## The task
The word "Glass" marks the lines to report; pull each of them from the listing.

## Extracted material
★ ★ ★ ★

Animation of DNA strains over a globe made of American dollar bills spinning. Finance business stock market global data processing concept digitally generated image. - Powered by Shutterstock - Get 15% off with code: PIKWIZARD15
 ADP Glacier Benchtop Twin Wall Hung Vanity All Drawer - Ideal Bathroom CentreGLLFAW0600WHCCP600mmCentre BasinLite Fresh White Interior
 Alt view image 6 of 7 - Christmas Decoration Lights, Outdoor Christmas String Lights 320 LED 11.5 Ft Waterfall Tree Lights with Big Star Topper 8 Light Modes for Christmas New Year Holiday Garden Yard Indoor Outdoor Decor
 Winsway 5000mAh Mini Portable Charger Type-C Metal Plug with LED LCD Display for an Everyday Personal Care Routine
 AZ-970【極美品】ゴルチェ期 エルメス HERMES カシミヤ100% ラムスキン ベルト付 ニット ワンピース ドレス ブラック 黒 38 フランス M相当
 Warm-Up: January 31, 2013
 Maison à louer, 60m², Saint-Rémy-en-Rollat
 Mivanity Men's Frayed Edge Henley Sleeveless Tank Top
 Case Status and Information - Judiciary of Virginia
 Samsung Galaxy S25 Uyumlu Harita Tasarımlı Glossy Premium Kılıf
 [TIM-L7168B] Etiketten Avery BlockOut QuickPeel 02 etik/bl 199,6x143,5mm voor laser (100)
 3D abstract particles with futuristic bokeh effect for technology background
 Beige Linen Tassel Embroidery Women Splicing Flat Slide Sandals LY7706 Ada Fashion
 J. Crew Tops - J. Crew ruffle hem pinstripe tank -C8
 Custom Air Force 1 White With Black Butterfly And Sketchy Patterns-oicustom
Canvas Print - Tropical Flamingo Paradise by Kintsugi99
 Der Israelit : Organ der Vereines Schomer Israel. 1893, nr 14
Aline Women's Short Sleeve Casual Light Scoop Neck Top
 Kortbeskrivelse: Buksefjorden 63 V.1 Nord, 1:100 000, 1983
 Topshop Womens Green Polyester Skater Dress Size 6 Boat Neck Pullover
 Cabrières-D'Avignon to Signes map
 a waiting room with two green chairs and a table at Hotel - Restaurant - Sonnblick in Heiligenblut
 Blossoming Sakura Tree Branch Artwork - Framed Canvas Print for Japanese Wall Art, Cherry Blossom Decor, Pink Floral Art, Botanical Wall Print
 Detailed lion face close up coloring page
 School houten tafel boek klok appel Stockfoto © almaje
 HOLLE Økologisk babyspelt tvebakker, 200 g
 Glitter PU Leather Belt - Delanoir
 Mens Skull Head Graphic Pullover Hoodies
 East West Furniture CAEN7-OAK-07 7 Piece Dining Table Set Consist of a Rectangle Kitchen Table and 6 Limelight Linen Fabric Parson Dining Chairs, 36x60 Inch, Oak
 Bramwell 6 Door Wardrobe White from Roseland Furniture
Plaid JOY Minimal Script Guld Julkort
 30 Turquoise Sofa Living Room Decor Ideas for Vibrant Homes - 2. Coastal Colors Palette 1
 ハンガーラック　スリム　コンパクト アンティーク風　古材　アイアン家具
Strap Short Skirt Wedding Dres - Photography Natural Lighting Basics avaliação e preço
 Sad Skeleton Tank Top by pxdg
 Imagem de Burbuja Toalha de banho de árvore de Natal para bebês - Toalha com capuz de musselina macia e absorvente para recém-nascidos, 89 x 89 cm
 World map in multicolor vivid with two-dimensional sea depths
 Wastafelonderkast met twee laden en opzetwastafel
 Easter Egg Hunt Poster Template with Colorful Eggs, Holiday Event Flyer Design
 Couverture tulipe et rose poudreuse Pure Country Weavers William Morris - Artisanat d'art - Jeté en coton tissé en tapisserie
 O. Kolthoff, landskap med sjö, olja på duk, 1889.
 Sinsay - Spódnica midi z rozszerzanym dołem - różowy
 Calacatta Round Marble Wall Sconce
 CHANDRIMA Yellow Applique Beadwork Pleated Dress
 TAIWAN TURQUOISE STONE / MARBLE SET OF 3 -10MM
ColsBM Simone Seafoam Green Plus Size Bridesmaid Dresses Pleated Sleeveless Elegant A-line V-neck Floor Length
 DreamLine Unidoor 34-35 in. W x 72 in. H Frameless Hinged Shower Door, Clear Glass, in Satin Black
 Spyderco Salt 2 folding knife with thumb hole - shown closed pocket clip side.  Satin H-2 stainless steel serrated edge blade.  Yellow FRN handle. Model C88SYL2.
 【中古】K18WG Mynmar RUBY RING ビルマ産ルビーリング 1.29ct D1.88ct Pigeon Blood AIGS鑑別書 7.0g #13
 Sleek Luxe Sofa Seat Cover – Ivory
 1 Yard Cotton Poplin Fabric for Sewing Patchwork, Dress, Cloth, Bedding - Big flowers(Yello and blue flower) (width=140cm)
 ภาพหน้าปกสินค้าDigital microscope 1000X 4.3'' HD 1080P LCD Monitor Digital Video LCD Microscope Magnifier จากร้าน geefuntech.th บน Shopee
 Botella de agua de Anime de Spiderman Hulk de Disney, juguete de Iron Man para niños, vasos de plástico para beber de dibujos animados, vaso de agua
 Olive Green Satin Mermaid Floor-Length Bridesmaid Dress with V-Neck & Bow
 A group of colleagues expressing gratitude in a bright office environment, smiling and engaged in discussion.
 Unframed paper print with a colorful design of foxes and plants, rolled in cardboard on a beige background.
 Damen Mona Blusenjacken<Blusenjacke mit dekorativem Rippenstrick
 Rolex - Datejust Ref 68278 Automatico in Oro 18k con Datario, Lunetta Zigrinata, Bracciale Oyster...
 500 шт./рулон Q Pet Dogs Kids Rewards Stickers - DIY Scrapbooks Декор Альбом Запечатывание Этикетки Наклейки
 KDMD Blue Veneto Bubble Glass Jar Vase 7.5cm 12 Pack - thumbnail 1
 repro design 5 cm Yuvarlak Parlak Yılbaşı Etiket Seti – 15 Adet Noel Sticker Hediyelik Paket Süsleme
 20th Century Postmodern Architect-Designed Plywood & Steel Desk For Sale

★ ★ ★ ★

## Your solution
 DreamLine Unidoor 34-35 in. W x 72 in. H Frameless Hinged Shower Door, Clear Glass, in Satin Black
 KDMD Blue Veneto Bubble Glass Jar Vase 7.5cm 12 Pack - thumbnail 1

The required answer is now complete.